Não existe uma conta com seu nome e um número dizendo “você tem 0,5 BTC”.
O que você tem é um conjunto de outputs não gastas (chamados UTXOs, de Unspent Transaction Outputs) espalhados pela blockchain, cada um esperando ser referenciado como input de uma transação futura.
Para quem vem do mundo financeiro, isso é contraintuitivo. No seu banco, existe uma linha no sistema dizendo “Fulano: saldo de R$ 10.000”.

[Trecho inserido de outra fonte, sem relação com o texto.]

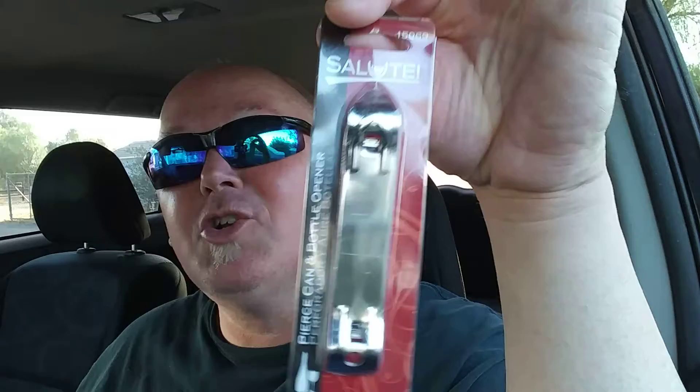Anyways, I had the fancy can opener with the thing and that was kind of weird, so I made a purchase just for doing these reviews — oh big purchase here! So this is an unboxing, or yeah I guess it's an unpackaging thing and a review. So here we go — this is the Salute Pierce can and bottle opener.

No bitcoin, o equivalente seria mais ou menos assim: “existe um output de 0,3 BTC criado na transação A que só pode ser gasto por quem tiver a chave do endereço bc1q...xyz.
E existe outro output de 0,2 BTC criado na transação B com a mesma condição.”
Quando sua carteira mostra “0,5 BTC”, ela está somando esses dois UTXOs.
Uma analogia que funciona bem:
Imagine que você tem notas de dinheiro no bolso. Uma nota de R$ 20 e outra de R$ 50.
Seu “saldo” é R$ 70, mas ele é composto por duas unidades físicas distintas. Se você quer pagar R$ 30, precisa entregar a nota de R$ 50 e receber R$ 20 de troco.
É exatamente isso que acontece no bitcoin, mas você não receberia R$ 20 de troco.
Receberia, por exemplo, R$ 19,90 e os R$ 0,10 ficaria para o minerador que validou sua transação e ganhou a corrida para achar o bloco primeiro.
Se você quer enviar 0,25 BTC e seu único UTXO é de 0,3 BTC, a transação “gasta” o UTXO inteiro e cria dois novos: 0,25 BTC para o destinatário e ~0,05 BTC de troco para você (menos a taxa).